Ask HN: How can I learn to design software better? - jjice
I can write code just fine, but I feel like one of my biggest draw backs is not having a formal understanding of how to design a large piece of software. I can draft a piece of software, but when it comes it implementing it, I feel like my solutions could be much better after they&#x27;re done. I often find myself having to change more code than I feel I should when I add a new feature in the future.<p>How can I learn to better design software? Any book recommendations or general tips?
======
davismwfl
How many years have you worked professionally? Do you have a team (or tech
friends) to bounce things around with and learn from? What are you writing,
websites or IoT or ??

Just some general comments not knowing those answers, this is usually what a
mentor or team lead is there to help you with, they guide you and show you why
one solution might be better than another etc.

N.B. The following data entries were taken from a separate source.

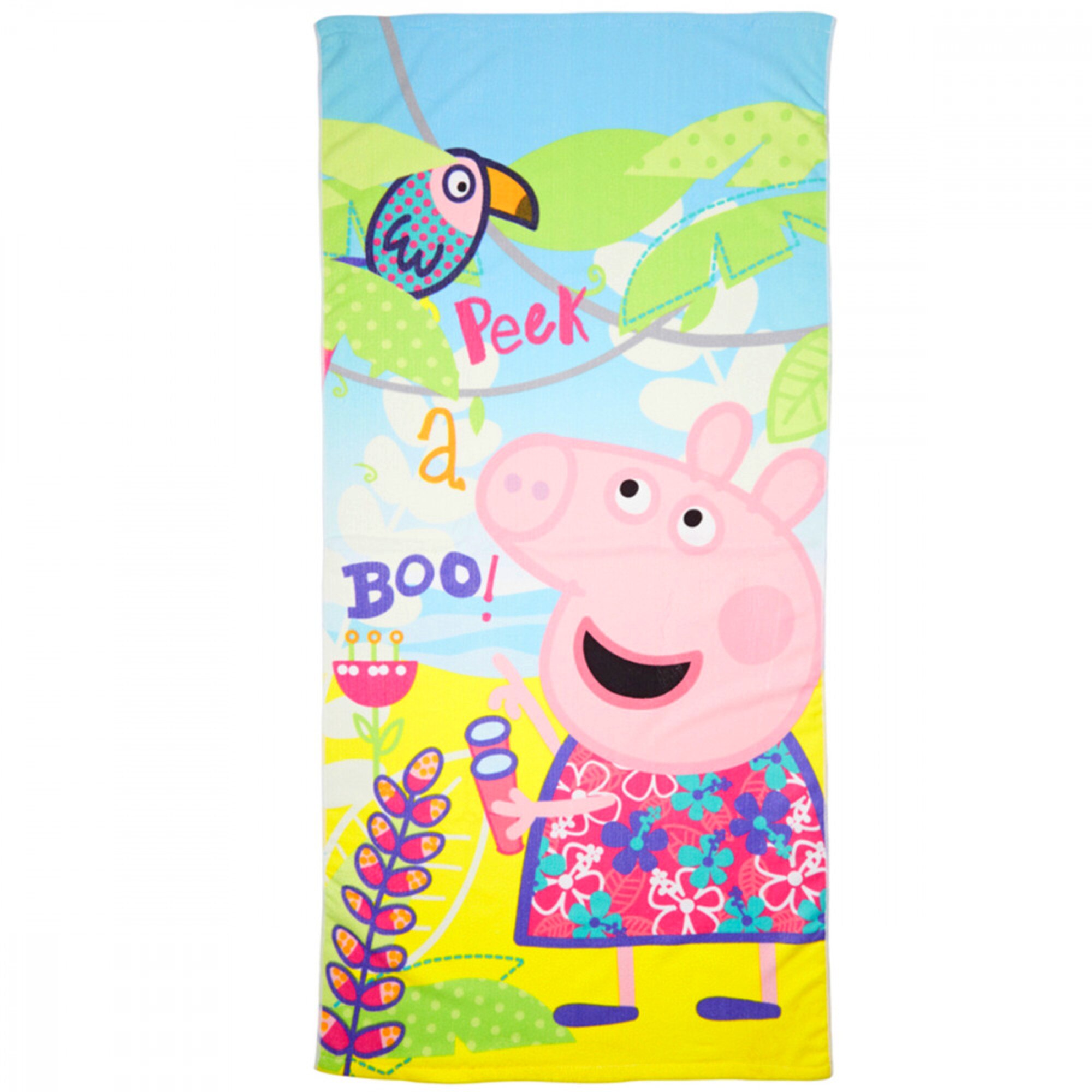 Prosop de plaja Peppa Pig, roz, 70 x 140 cm
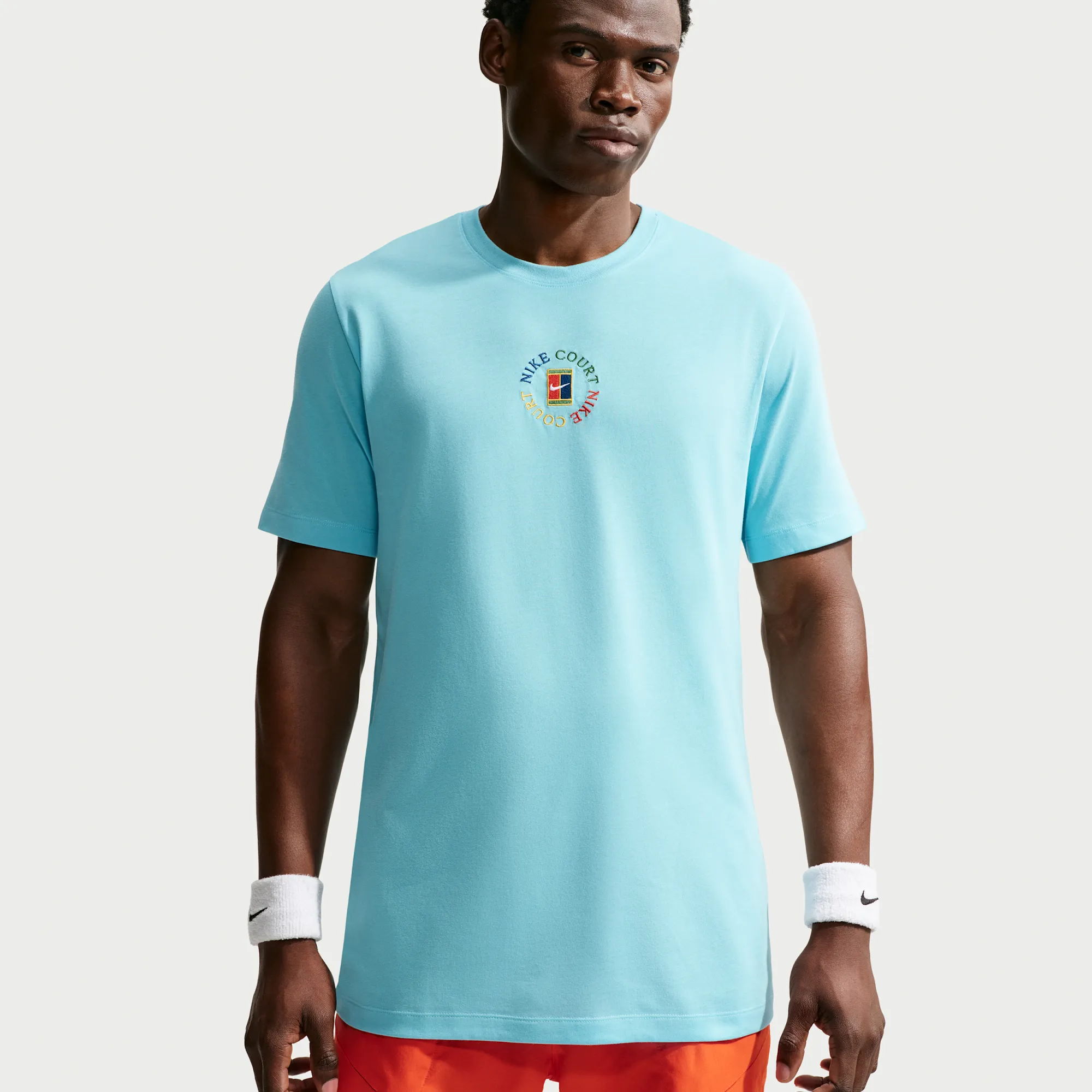 NikeCourt Men's Dri-FIT Tennis T-Shirt - Blue Gaze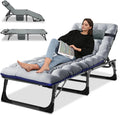 Folding Camping Cot with Cushion & Pillow H46537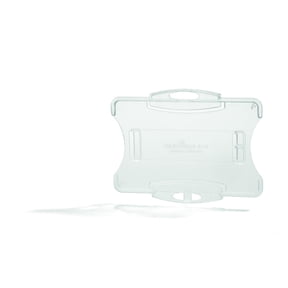 DURABLE Open Face Single ID-Card Holder, Vertical or Horizontal Orientation, 0.35" x 3.63" x 2.75 ", Clear (891819)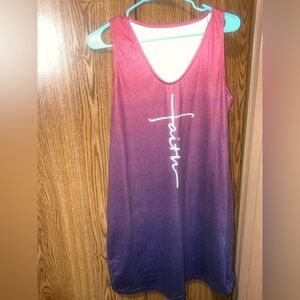 Women's Ombre Sleeveless Top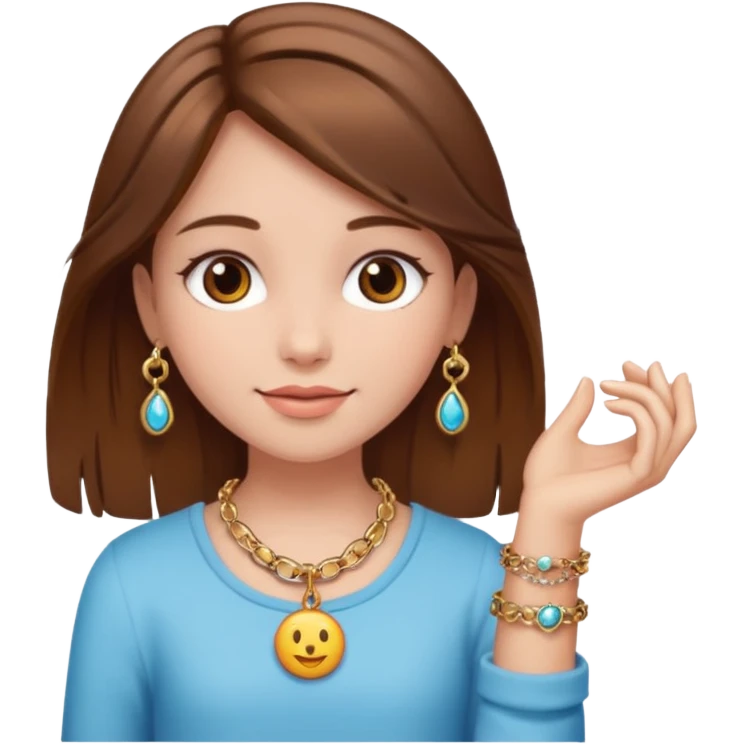 Charm Bracelet Girl emoji
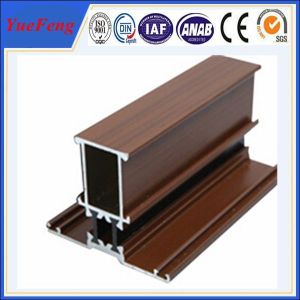 China Import China Products Aluminium Profile Doors And Windows Wooden Grain Aluminium Windows on sale
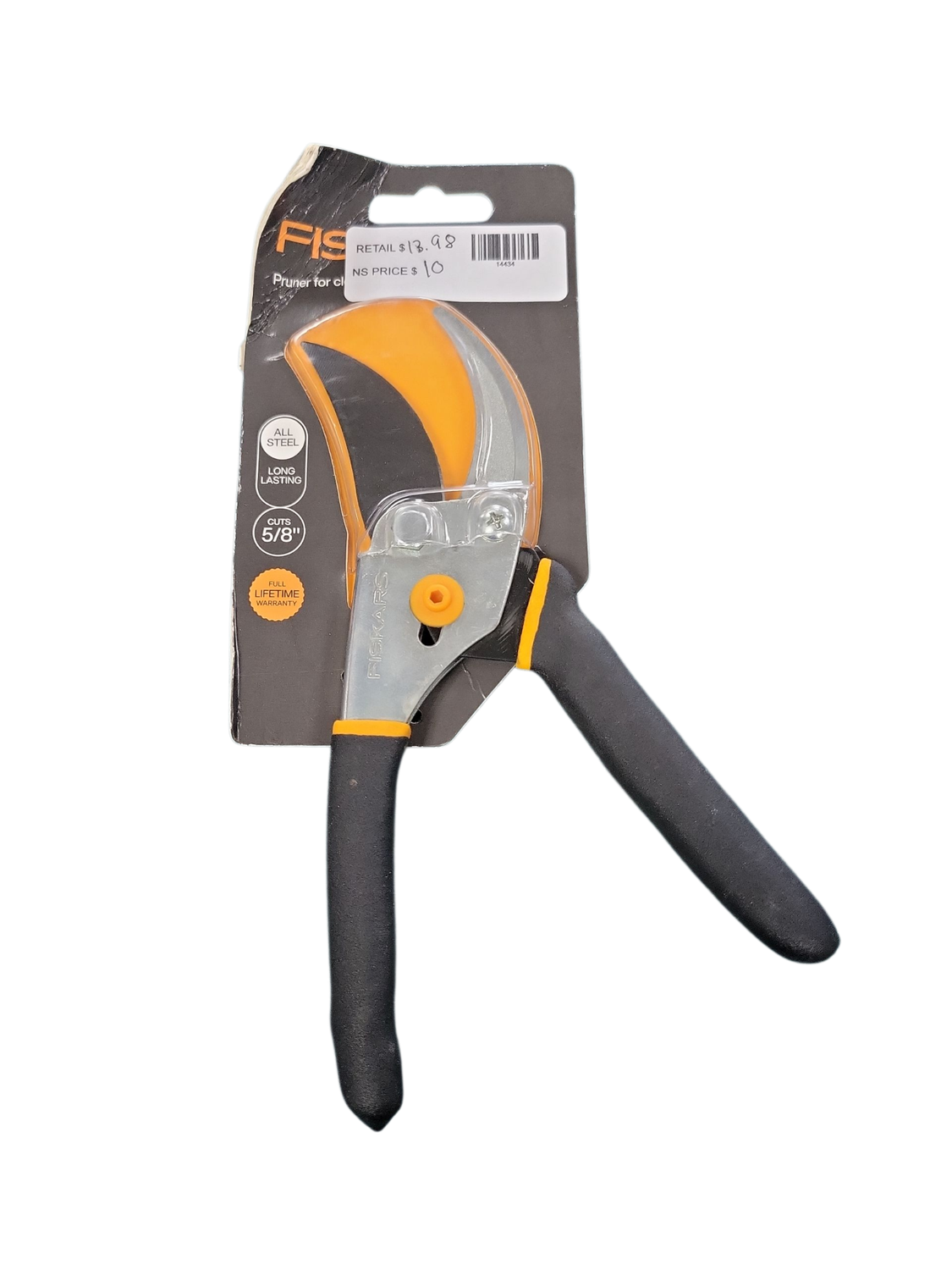 Fiskars 5/8 in. Cut Capacity Classic Bypass Hand Pruning Shears 391091-1011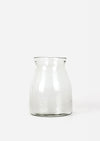 Dappled Clear Fluted Vase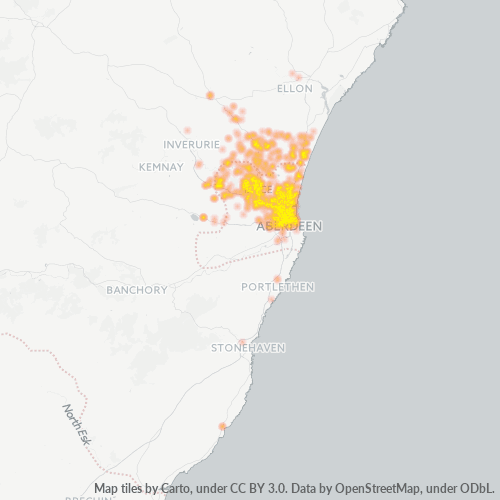 AB2 Business Density Heatmap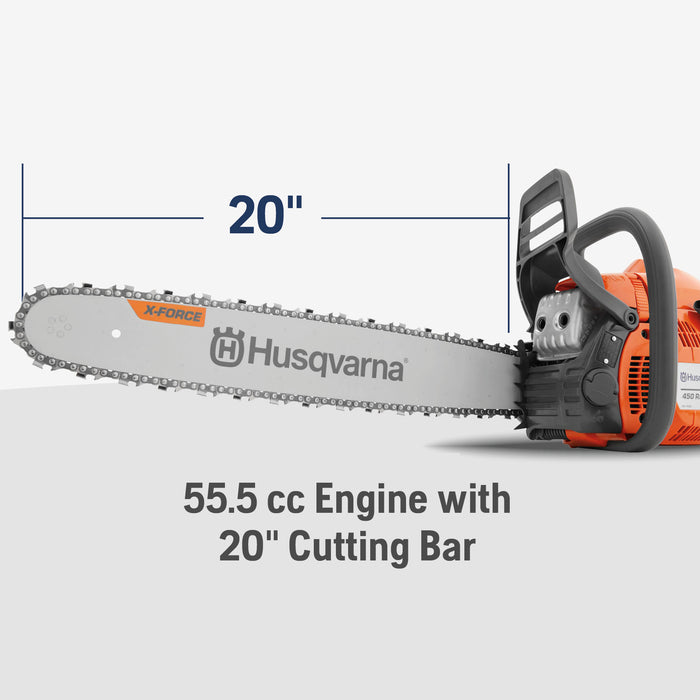 HUSQVARNA 20" 455 Rancher Gas Chainsaw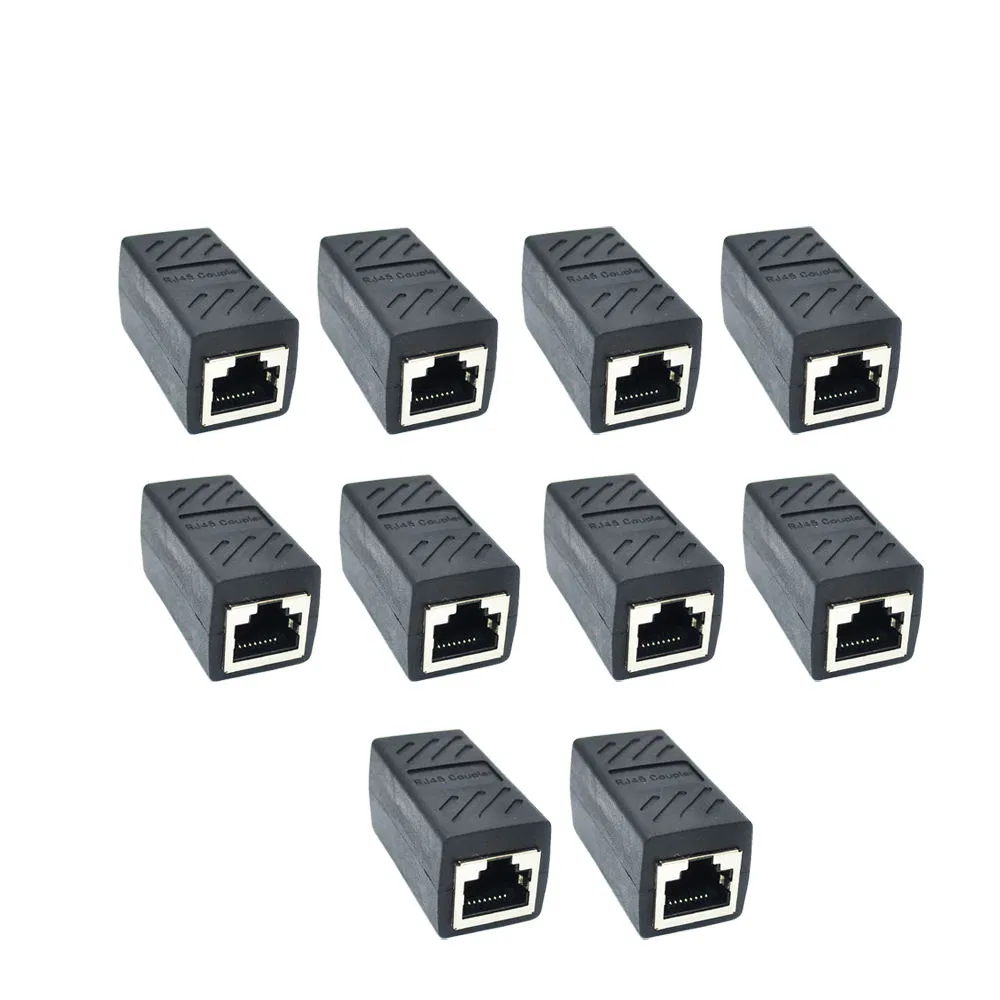 RJ45 Cat5/6/6A Female-to-Female Ethernet Cable Extender Coupler Connector Accessories Extender Connector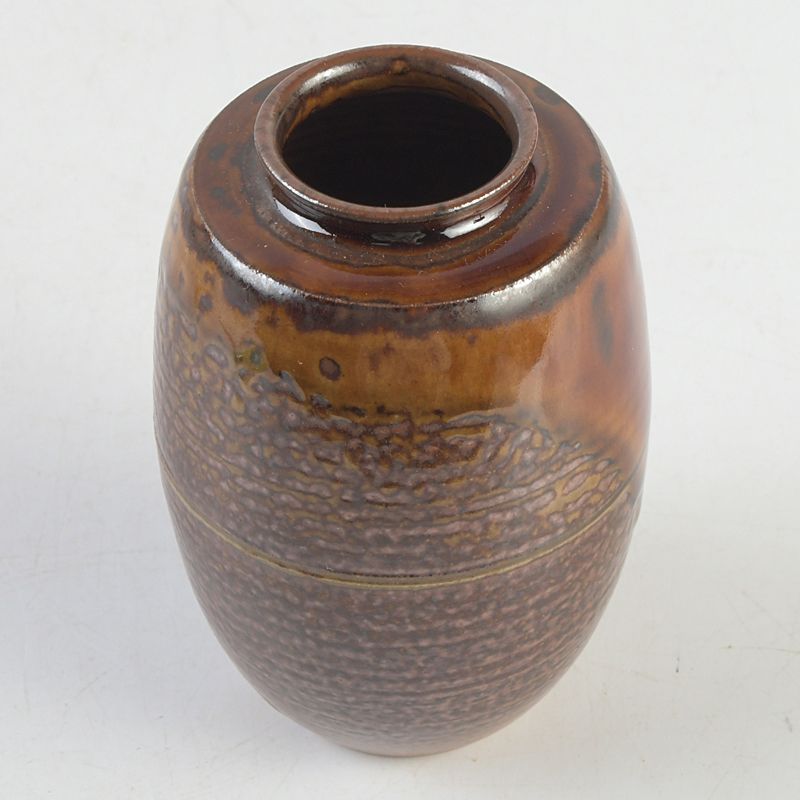 茶道具 木津喜楽作 大名物 鈴の鞘肩衛写 茶入 仕覆付 共箱 V S526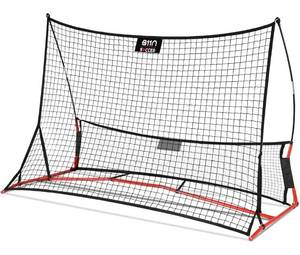 lot 14032 image: A11N 2-in-1 Soccer Training Equipment - 7ft x 5ft Portable Soccer Rebounder, Dual Side for Team or Solo Soccer Training Retail $80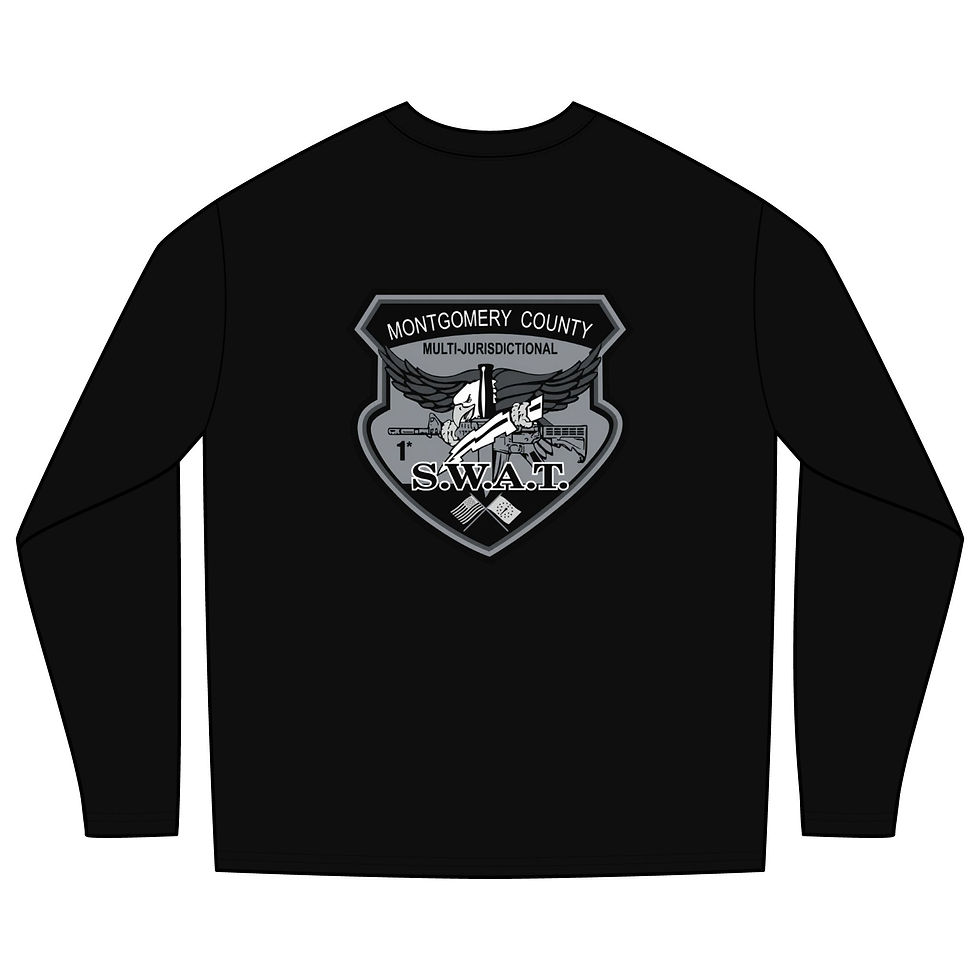 Thumbnail: Montgomery County S.W.A.T. Long Sleeve T-Shirt — Tactical Patch Military Olive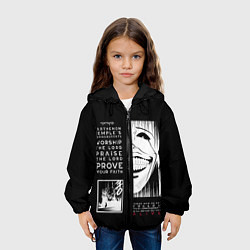 Куртка с капюшоном детская Commandments of Carthenon Temple, цвет: 3D-черный — фото 2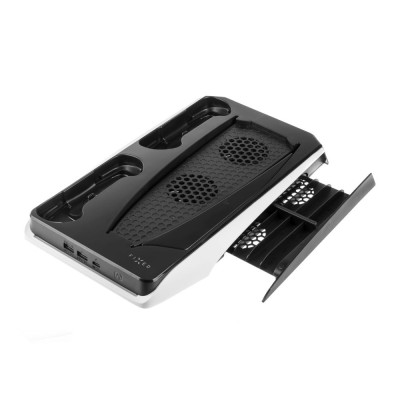 Statie incarcare controller, suport PS5 Fixed, FIXPS5-MCS-BW foto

Read architecture blogs, read
about failures as much as successes, read postmortems from startups they are
great learning. Seriously study well design open source software that most
people agree is done well, as well as bad. Studying both will show you
patterns you are using and shouldn't be or ones you aren't using and should be
etc. That is honestly the best way, open source software makes studying larger
systems so much better today then when I was learning.

I do suggest you study some of Fowlers teachings/books
[https://martinfowler.com/](https://martinfowler.com/) as he IMO is well
balanced and sees value in many different architecture styles based on the
problem you are solving. There are others of course, but he is the first that
comes to mind for building larger or more complex systems.

The goal of software design/architecture is to use the least complex solution
you can to solve the problem, that makes the software the easiest to maintain
and usually makes it performant. There are exceptions of course, but that is
the general rule I follow. Also, minimize unnecessary external dependencies
which will also keep your code easier to change and maintain, the more
external dependencies the more chance a simple change turns into touching
larger sections of code.

Last point, we all look back and problems we have solved later and are like
geez, I was an idiot I could've done XYZ instead of ABC and it would have been
a lot better. That's normal and is a sign to me that I am continuing to learn,
which is good IMO. There are only a few things I look back on and say damn
that was perfect and I wouldn't change a thing about it (very few).

------
the_hoser
It comes with experience. Those times you find yourself changing code more
than you think you should? Analyze the decisions you made (or that a co-worker
made) that got you there. Figure out what you could have done differently.

Books are great, but nothing beats lessons learned by making mistakes.

------
karmakaze
Two things come to mind. (1) work on large software projects that have been in
production for many years. This will show you patterns that have emerged to
solve issues that have crept up over its lifetime. (2) except in specific
cases a large piece of software grew from a working smaller piece of software.
Learn different ways of being prepared for future features and adding
features. YAGNI is important too. Practice, lots of practice. Reading without
practice is like watching a movie and nodding along, quickly forgotten if not
committed through habits.